(Extracted records)

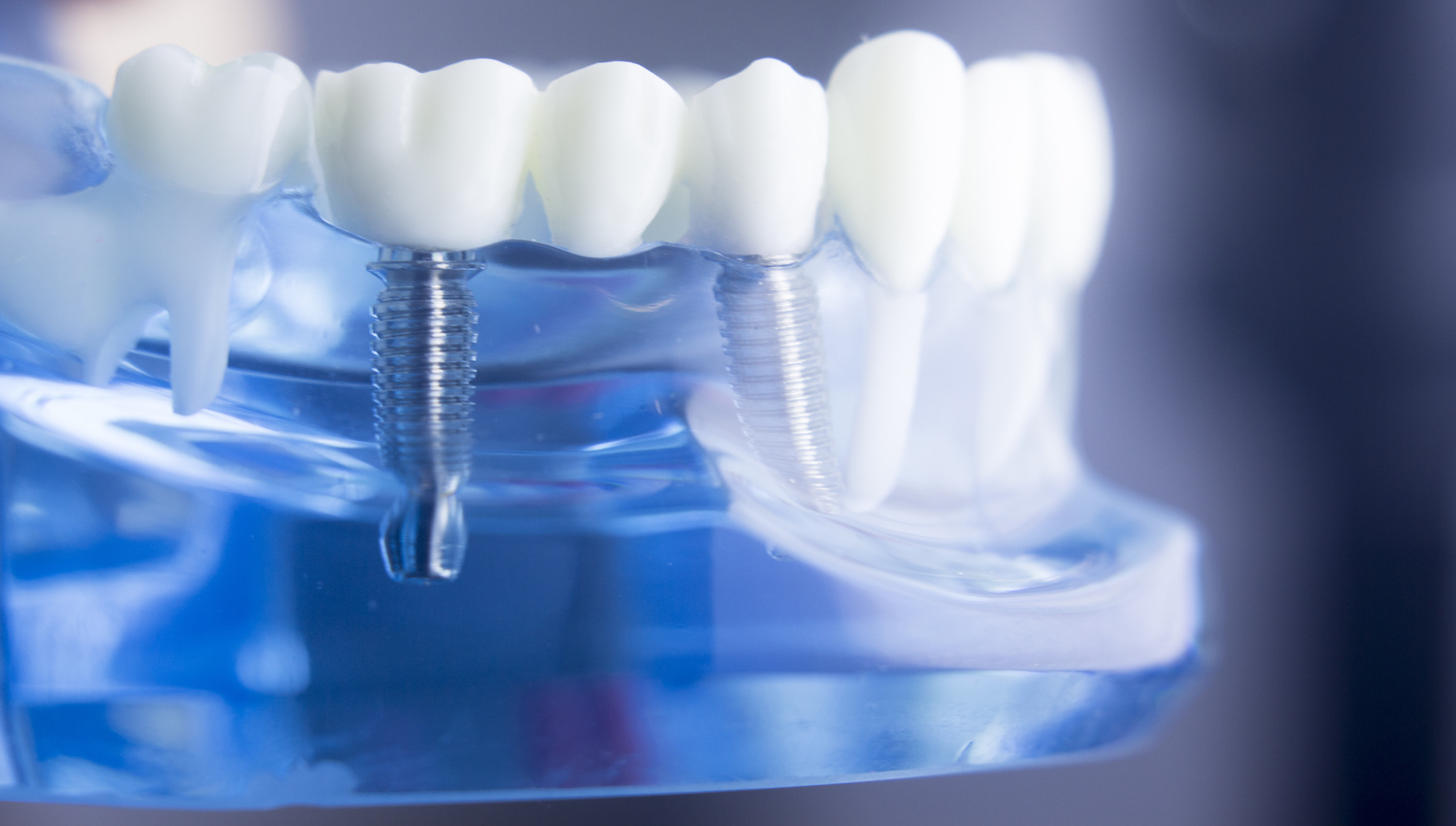 Dental model showing teeth, roots and the gum line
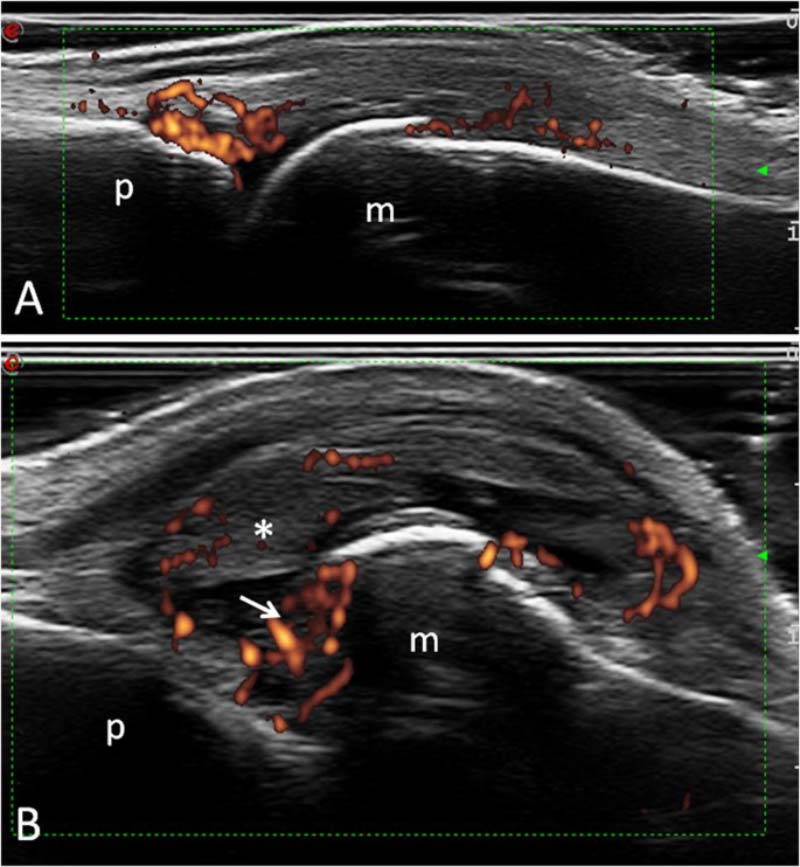 Hình ảnh siêu âm viêm khớp dạng thấp ở vai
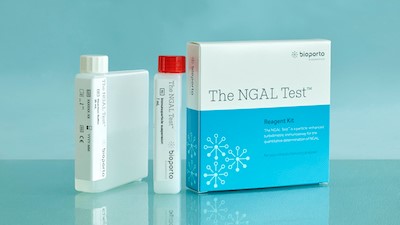 The NGAL Test Reagent Kitの製品外観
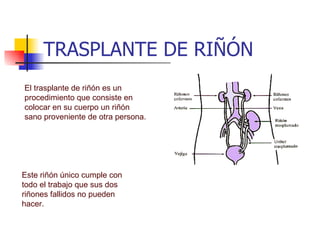 TRASPLANTE DE RIÑÓN El trasplante de riñón es un procedimiento que consiste en colocar en su cuerpo un riñón sano proveniente de otra persona.  Este riñón único cumple con todo el trabajo que sus dos riñones fallidos no pueden hacer. 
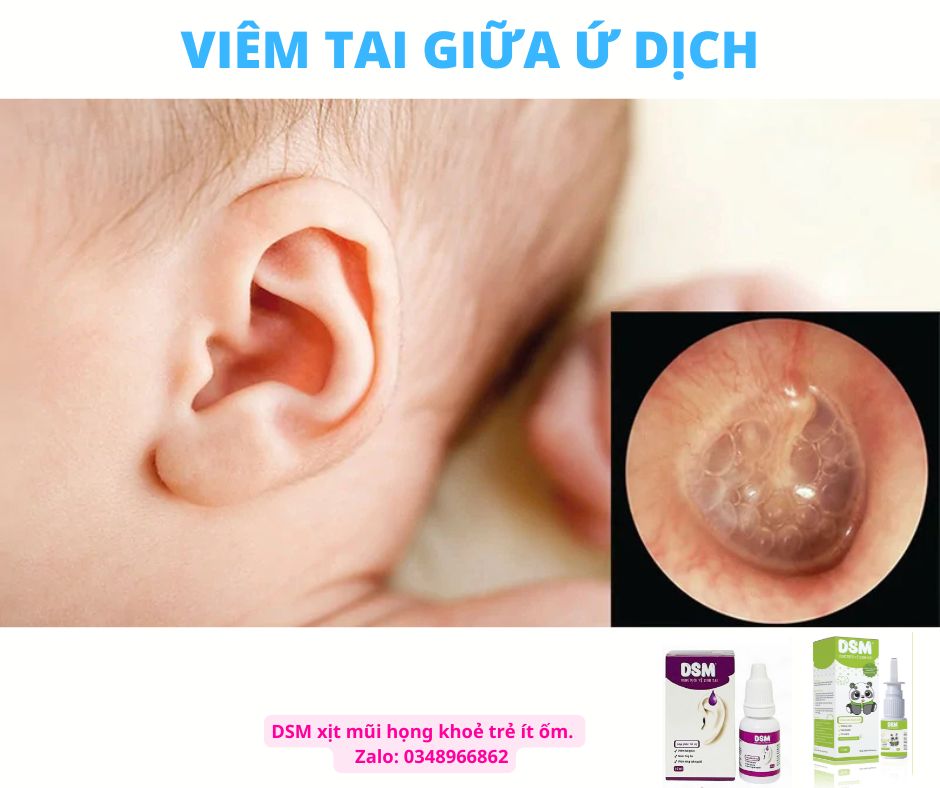 Viêm tai giữa ứ dịch điều trị và phòng tránh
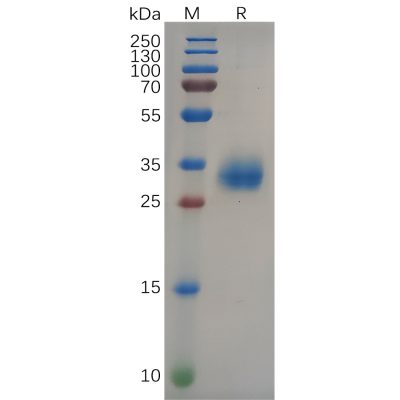 sp-pme100647 s protein rbd sp1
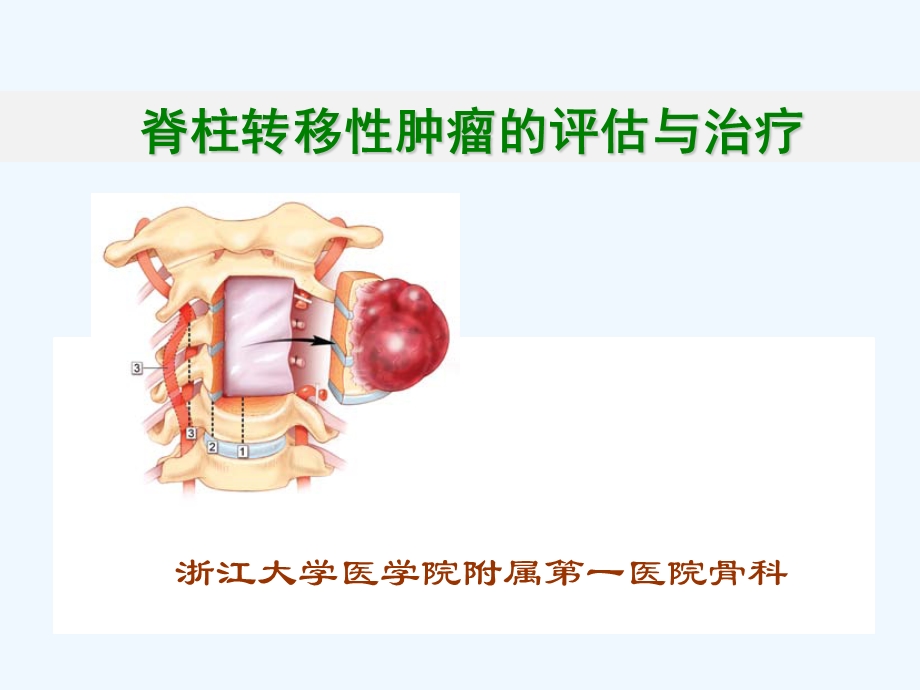 转移性脊柱肿瘤的评估与治疗课件.ppt_第1页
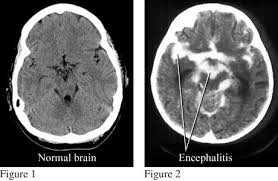 encephalitis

- [INSTRUCTIONS FOR THE TASK]: Exactly as they appear above, print all the lines, but not the pictures.

- [ANSWER BOX]:
 Dental model showing teeth, roots and the gum line
 Hình ảnh siêu âm viêm khớp dạng thấp ở vai
 The NGAL Test Reagent Kitの製品外観
 TRASPLANTE DE RIÑÓN El trasplante de riñón es un procedimiento que consiste en colocar en su cuerpo un riñón sano proveniente de otra persona.  Este riñón único cumple con todo el trabajo que sus dos riñones fallidos no pueden hacer. 
 Viêm tai giữa ứ dịch điều trị và phòng tránh
 sp-pme100647 s protein rbd sp1
 转移性脊柱肿瘤的评估与治疗课件.ppt_第1页
 encephalitis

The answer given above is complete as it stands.